Using the DARPA Agent Markup Language, Hobbs is building a beyond-Google search engine that tailors itself to the user’s needs, expressed in something closer to ordinary language.

One of the world’s most distinguished universities recently honored one of ISI’s newest researchers.

Computer Scientist Jerry R. Hobbs received an honorary degree from the University of Uppsala Jan. 24, only three months after joining the USC School of Engineering’s Information Sciences Institute.The venerable Swedish institution, annual site of the Nobel Prize ceremony, bestowed the title of Doctor of Philosophy honoris causa to recognize Hobbs for his three decades of work in artificial intelligence and computational linguistics.

Hobbs came to ISI in September 2002 from the Artificial Intelligence Center at SRI International in Menlo Park, bringing with him several projects.

One, funded by the Defense Advanced Research Projects Agency, is part of the DARPA Agent Markup Language program, known by the acronym DAML, which is developing what is called the “semantic web.”

Using the DARPA Agent Markup Language, Hobbs is building a beyond-Google search engine that tailors itself to the user’s needs, expressed in something closer to ordinary language, (“I want to buy a first edition copy of Gone with the Wind at a store in Beverly Hills this afternoon”), rather than demanding that users guess the right key words.

Hobbs also brought a major project funded by the Advanced Research and Development Agency (ARDA) to develop a knowledge-access system that enters into a dialog with users, guiding their inquiries “much as a good reference librarian would,” said Hobbs, “helping you shape your understanding of what you’re looking for.”

In mid-February, 2003 Hobbs won two new DARPA grants.

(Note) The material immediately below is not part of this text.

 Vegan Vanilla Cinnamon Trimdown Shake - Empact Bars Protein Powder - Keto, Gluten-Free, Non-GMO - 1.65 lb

He received $305,000 for project called AQUAINT, which will create information-seeking dialogs to narrow in on information needs to aid intelligence analysts in developing reports. The program will guide the decomposition of questions into subquestions targeted at various Web and other resources. Another DARPA grant, for $341,138, will fund a new Semantic web project incorporating geographical and spacial information. At SRI, Hobbs worked on FASTUS, a system to automatically extract information deemed relevant using pre-set categories from vast quantities of ordinary language text.

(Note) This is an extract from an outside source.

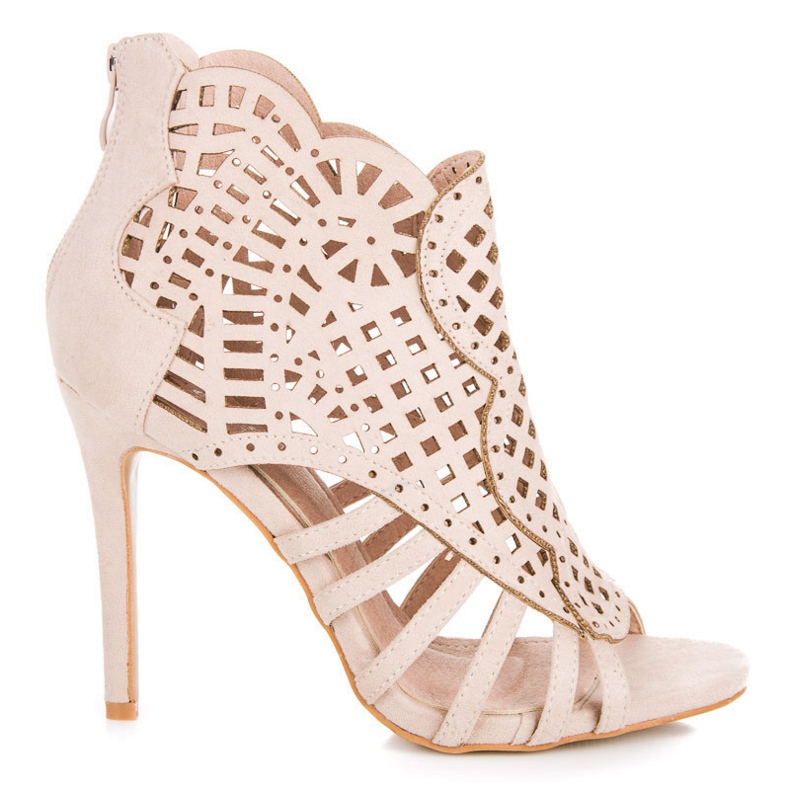 Seastar Genombrutna sandaler med dragkedja brun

At ISI, he is part of the Intelligent Systems Division, directed by Yigal Arens.

“There are not many people in AI in general and knowledge representation in particular whose names are known to everyone in the field,” Arens said. “Jerry is one of them, and we’re very lucky he decided to join us here.”

“Our natual language group was already one of ISI’s greatest strengths,” Arens continued. “Jerry’s presence will solidify our role as an acknowledged leader in the field.”

When not researching ways to help computers and people understand each other more easily, Hobbs travels — to 118 countries so far .

“I have … climbed the Matterhorn, drove a Land Rover from London to Capetown, got attacked by a thousand people in Egypt, got stuck in quicksand in the interior of Iceland, flew in a Russian cargo plane to Timbuktu, followed orangutans around the Borneo rain forest, narrowly avoided being kidnapped in Yemen, etc.,” he wrote recently.

Hobbs went on to write that he was viewing his move to ISI and Los Angeles “as its own sort of exotic adventure.”